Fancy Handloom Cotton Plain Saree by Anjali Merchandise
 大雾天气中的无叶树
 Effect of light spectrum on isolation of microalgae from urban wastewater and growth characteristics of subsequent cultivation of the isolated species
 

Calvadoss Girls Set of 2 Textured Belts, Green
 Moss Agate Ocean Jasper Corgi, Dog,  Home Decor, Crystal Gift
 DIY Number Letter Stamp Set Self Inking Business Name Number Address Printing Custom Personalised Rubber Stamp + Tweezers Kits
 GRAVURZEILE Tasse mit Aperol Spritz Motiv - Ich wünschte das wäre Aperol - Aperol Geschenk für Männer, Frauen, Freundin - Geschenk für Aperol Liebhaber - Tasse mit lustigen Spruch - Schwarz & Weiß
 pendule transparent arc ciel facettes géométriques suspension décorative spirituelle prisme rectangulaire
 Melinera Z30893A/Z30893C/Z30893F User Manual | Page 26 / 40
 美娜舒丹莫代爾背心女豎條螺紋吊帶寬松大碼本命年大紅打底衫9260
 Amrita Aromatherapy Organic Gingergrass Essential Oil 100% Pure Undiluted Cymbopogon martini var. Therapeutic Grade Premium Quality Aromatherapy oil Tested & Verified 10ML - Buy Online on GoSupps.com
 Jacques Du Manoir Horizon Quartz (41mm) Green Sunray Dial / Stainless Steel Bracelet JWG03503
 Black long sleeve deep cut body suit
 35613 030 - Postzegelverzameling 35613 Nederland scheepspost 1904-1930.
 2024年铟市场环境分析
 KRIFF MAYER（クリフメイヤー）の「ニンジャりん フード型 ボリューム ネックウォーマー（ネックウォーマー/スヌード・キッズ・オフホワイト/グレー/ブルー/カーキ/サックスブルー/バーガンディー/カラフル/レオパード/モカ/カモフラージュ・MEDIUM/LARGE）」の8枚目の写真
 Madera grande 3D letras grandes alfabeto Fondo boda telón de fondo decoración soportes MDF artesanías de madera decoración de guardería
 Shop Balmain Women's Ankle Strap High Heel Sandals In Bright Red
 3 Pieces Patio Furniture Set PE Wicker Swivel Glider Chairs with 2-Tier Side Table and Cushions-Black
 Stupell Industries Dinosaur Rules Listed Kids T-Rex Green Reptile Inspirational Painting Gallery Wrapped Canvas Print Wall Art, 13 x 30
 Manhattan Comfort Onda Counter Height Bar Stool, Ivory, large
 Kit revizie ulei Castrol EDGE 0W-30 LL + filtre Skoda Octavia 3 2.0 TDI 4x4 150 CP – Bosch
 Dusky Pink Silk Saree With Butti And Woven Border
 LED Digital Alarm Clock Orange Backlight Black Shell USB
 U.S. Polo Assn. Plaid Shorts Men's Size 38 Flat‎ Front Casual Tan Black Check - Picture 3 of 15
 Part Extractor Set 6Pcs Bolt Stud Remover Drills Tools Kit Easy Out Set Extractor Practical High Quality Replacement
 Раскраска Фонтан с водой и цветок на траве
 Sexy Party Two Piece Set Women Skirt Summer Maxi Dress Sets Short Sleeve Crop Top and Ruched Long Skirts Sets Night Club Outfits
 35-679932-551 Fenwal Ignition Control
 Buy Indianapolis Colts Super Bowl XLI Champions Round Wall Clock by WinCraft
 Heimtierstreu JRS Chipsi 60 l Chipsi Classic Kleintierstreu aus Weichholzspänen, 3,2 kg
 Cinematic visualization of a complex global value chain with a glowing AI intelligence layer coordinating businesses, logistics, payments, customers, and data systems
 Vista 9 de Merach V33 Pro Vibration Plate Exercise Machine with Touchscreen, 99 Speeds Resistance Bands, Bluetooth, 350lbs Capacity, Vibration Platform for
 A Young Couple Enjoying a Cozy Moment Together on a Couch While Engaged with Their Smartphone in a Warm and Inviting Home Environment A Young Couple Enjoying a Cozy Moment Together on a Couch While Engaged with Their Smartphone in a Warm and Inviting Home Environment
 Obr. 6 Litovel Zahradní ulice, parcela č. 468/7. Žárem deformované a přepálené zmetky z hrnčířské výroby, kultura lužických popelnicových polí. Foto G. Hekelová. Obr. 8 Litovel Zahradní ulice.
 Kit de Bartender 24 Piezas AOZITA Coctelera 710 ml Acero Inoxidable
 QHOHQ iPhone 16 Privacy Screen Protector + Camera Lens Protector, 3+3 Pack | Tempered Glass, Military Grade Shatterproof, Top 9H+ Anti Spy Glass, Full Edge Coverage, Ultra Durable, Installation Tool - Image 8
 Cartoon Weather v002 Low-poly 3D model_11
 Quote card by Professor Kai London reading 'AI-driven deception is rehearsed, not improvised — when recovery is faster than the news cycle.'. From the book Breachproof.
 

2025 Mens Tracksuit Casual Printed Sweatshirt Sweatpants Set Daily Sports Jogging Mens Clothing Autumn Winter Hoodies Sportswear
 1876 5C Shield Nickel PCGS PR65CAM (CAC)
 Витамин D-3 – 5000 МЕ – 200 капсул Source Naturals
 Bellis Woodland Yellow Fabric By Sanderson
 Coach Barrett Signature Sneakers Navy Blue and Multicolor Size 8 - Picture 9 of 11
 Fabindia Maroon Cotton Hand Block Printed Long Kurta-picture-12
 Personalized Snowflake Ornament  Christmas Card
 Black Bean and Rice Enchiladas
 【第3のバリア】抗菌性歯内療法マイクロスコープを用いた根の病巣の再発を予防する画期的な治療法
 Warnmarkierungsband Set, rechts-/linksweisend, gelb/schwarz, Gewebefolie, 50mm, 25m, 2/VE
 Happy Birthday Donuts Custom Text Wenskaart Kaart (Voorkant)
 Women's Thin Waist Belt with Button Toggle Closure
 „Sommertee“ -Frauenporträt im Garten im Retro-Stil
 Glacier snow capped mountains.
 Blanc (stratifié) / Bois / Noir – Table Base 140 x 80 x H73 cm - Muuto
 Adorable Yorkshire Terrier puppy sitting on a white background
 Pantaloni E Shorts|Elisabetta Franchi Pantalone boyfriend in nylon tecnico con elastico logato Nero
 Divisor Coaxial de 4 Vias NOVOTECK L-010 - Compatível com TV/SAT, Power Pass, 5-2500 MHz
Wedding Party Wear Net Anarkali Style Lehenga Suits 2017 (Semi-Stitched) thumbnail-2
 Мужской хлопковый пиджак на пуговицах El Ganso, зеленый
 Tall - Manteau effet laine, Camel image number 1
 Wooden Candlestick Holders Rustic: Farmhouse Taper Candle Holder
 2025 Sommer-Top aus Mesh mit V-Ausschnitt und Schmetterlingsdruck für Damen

-*-

#### [Exercise goal]
Copy the entries word for word. Leave nothing out.

#### [Answer to this exercise]
Fancy Handloom Cotton Plain Saree by Anjali Merchandise
 大雾天气中的无叶树
 Effect of light spectrum on isolation of microalgae from urban wastewater and growth characteristics of subsequent cultivation of the isolated species
 

Calvadoss Girls Set of 2 Textured Belts, Green
 Moss Agate Ocean Jasper Corgi, Dog,  Home Decor, Crystal Gift
 DIY Number Letter Stamp Set Self Inking Business Name Number Address Printing Custom Personalised Rubber Stamp + Tweezers Kits
 GRAVURZEILE Tasse mit Aperol Spritz Motiv - Ich wünschte das wäre Aperol - Aperol Geschenk für Männer, Frauen, Freundin - Geschenk für Aperol Liebhaber - Tasse mit lustigen Spruch - Schwarz & Weiß
 pendule transparent arc ciel facettes géométriques suspension décorative spirituelle prisme rectangulaire
 Melinera Z30893A/Z30893C/Z30893F User Manual | Page 26 / 40
 美娜舒丹莫代爾背心女豎條螺紋吊帶寬松大碼本命年大紅打底衫9260
 Amrita Aromatherapy Organic Gingergrass Essential Oil 100% Pure Undiluted Cymbopogon martini var. Therapeutic Grade Premium Quality Aromatherapy oil Tested & Verified 10ML - Buy Online on GoSupps.com
 Jacques Du Manoir Horizon Quartz (41mm) Green Sunray Dial / Stainless Steel Bracelet JWG03503
 Black long sleeve deep cut body suit
 35613 030 - Postzegelverzameling 35613 Nederland scheepspost 1904-1930.
 2024年铟市场环境分析
 KRIFF MAYER（クリフメイヤー）の「ニンジャりん フード型 ボリューム ネックウォーマー（ネックウォーマー/スヌード・キッズ・オフホワイト/グレー/ブルー/カーキ/サックスブルー/バーガンディー/カラフル/レオパード/モカ/カモフラージュ・MEDIUM/LARGE）」の8枚目の写真
 Madera grande 3D letras grandes alfabeto Fondo boda telón de fondo decoración soportes MDF artesanías de madera decoración de guardería
 Shop Balmain Women's Ankle Strap High Heel Sandals In Bright Red
 3 Pieces Patio Furniture Set PE Wicker Swivel Glider Chairs with 2-Tier Side Table and Cushions-Black
 Stupell Industries Dinosaur Rules Listed Kids T-Rex Green Reptile Inspirational Painting Gallery Wrapped Canvas Print Wall Art, 13 x 30
 Manhattan Comfort Onda Counter Height Bar Stool, Ivory, large
 Kit revizie ulei Castrol EDGE 0W-30 LL + filtre Skoda Octavia 3 2.0 TDI 4x4 150 CP – Bosch
 Dusky Pink Silk Saree With Butti And Woven Border
 LED Digital Alarm Clock Orange Backlight Black Shell USB
 U.S. Polo Assn. Plaid Shorts Men's Size 38 Flat‎ Front Casual Tan Black Check - Picture 3 of 15
 Part Extractor Set 6Pcs Bolt Stud Remover Drills Tools Kit Easy Out Set Extractor Practical High Quality Replacement
 Раскраска Фонтан с водой и цветок на траве
 Sexy Party Two Piece Set Women Skirt Summer Maxi Dress Sets Short Sleeve Crop Top and Ruched Long Skirts Sets Night Club Outfits
 35-679932-551 Fenwal Ignition Control
 Buy Indianapolis Colts Super Bowl XLI Champions Round Wall Clock by WinCraft
 Heimtierstreu JRS Chipsi 60 l Chipsi Classic Kleintierstreu aus Weichholzspänen, 3,2 kg
 Cinematic visualization of a complex global value chain with a glowing AI intelligence layer coordinating businesses, logistics, payments, customers, and data systems
 Vista 9 de Merach V33 Pro Vibration Plate Exercise Machine with Touchscreen, 99 Speeds Resistance Bands, Bluetooth, 350lbs Capacity, Vibration Platform for
 A Young Couple Enjoying a Cozy Moment Together on a Couch While Engaged with Their Smartphone in a Warm and Inviting Home Environment A Young Couple Enjoying a Cozy Moment Together on a Couch While Engaged with Their Smartphone in a Warm and Inviting Home Environment
 Obr. 6 Litovel Zahradní ulice, parcela č. 468/7. Žárem deformované a přepálené zmetky z hrnčířské výroby, kultura lužických popelnicových polí. Foto G. Hekelová. Obr. 8 Litovel Zahradní ulice.
 Kit de Bartender 24 Piezas AOZITA Coctelera 710 ml Acero Inoxidable
 QHOHQ iPhone 16 Privacy Screen Protector + Camera Lens Protector, 3+3 Pack | Tempered Glass, Military Grade Shatterproof, Top 9H+ Anti Spy Glass, Full Edge Coverage, Ultra Durable, Installation Tool - Image 8
 Cartoon Weather v002 Low-poly 3D model_11
 Quote card by Professor Kai London reading 'AI-driven deception is rehearsed, not improvised — when recovery is faster than the news cycle.'. From the book Breachproof.
 

2025 Mens Tracksuit Casual Printed Sweatshirt Sweatpants Set Daily Sports Jogging Mens Clothing Autumn Winter Hoodies Sportswear
 1876 5C Shield Nickel PCGS PR65CAM (CAC)
 Витамин D-3 – 5000 МЕ – 200 капсул Source Naturals
 Bellis Woodland Yellow Fabric By Sanderson
 Coach Barrett Signature Sneakers Navy Blue and Multicolor Size 8 - Picture 9 of 11
 Fabindia Maroon Cotton Hand Block Printed Long Kurta-picture-12
 Personalized Snowflake Ornament  Christmas Card
 Black Bean and Rice Enchiladas
 【第3のバリア】抗菌性歯内療法マイクロスコープを用いた根の病巣の再発を予防する画期的な治療法
 Warnmarkierungsband Set, rechts-/linksweisend, gelb/schwarz, Gewebefolie, 50mm, 25m, 2/VE
 Happy Birthday Donuts Custom Text Wenskaart Kaart (Voorkant)
 Women's Thin Waist Belt with Button Toggle Closure
 „Sommertee“ -Frauenporträt im Garten im Retro-Stil
 Glacier snow capped mountains.
 Blanc (stratifié) / Bois / Noir – Table Base 140 x 80 x H73 cm - Muuto
 Adorable Yorkshire Terrier puppy sitting on a white background
 Pantaloni E Shorts|Elisabetta Franchi Pantalone boyfriend in nylon tecnico con elastico logato Nero
 Divisor Coaxial de 4 Vias NOVOTECK L-010 - Compatível com TV/SAT, Power Pass, 5-2500 MHz
Wedding Party Wear Net Anarkali Style Lehenga Suits 2017 (Semi-Stitched) thumbnail-2
 Мужской хлопковый пиджак на пуговицах El Ganso, зеленый
 Tall - Manteau effet laine, Camel image number 1
 Wooden Candlestick Holders Rustic: Farmhouse Taper Candle Holder
 2025 Sommer-Top aus Mesh mit V-Ausschnitt und Schmetterlingsdruck für Damen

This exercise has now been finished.